Unveiling results for the 2020 calendar year, F&C Investment Trust announced a final dividend of 3.4p which will bring the total dividend for 2020 to 12.1p, a 4.3% year-on-year increase and comfortably ahead of the 0.6% rise in CPI inflation.
This is the 50th consecutive increased annual dividend and the 153rd annual dividend payment from the storied trust.
Analysts at Stifel pointed out that the dividend was ‘only 0.8 times covered by revenue earnings, with revenue reserves used to make up the shortfall and thereafter reserves will still exceed the cost of one year’s annual dividend’.

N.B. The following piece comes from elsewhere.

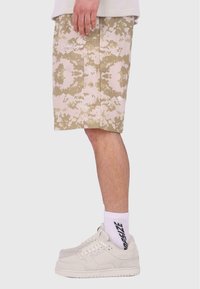 Beige camouflage shorts med tekstureret stof, knælængde, med en lodret søm og et lille hvidt logo. Parret med hvide sneakers og sokker.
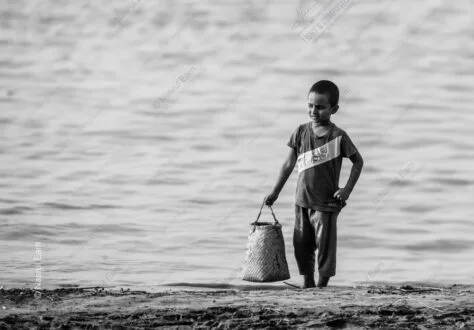 Boy with Woven Basket at Water's Edge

With a market cap of £4.15 billion, F&C Investment Trust is amongst the largest closed-end investment companies and was the first investment trust to launch, back in 1868.
Popular among retail investors, its reassuringly diversified portfolio provides access to most of the world’s stock markets and exposure to over 400 individual companies across the globe, including the likes of Amazon, Apple, Alibaba, Microsoft and Paypal.
According to Stifel, tumultuous 2020 proved a ‘reasonable year’ for the trust, which delivered a 12.3% net asset value total return, in line with the benchmark. The private equity portfolio performed strongly, as did the US, the trust’s largest geographic exposure, thanks to high-flying growth stocks, though the two disappointing areas were global strategies and emerging markets.
Whilst the trust has been ‘resilient, responsible and prosperous for over 150 years’, chairman Beatrice Hollond warned risks to the outlook are ‘numerous’.
Though Hollond expects better growth as this year progresses, and a consequent improvement in corporate earnings, she warned equity markets ‘have already discounted much of the good news. Valuations are being buoyed by unprecedented monetary and fiscal stimulus and, while we should expect support for some time to come, disappointment on earnings delivery or, critically, on inflation, could give rise to volatility and even a sharp setback in equity markets.’
NET ZERO BY 2050
In the belief climate change is ‘the defining challenge of modern times’, BMO-managed F&C Investment Trust also announced a commitment to transition its portfolio to ‘net zero carbon emissions by 2050 at the latest’.
Fund manager Paul Niven commented: ‘2020 may come to be regarded as the year in which sustainable investing came of age. We see great opportunity for shareholder returns to be enhanced through a focus on companies engaging in sustainable business practices.’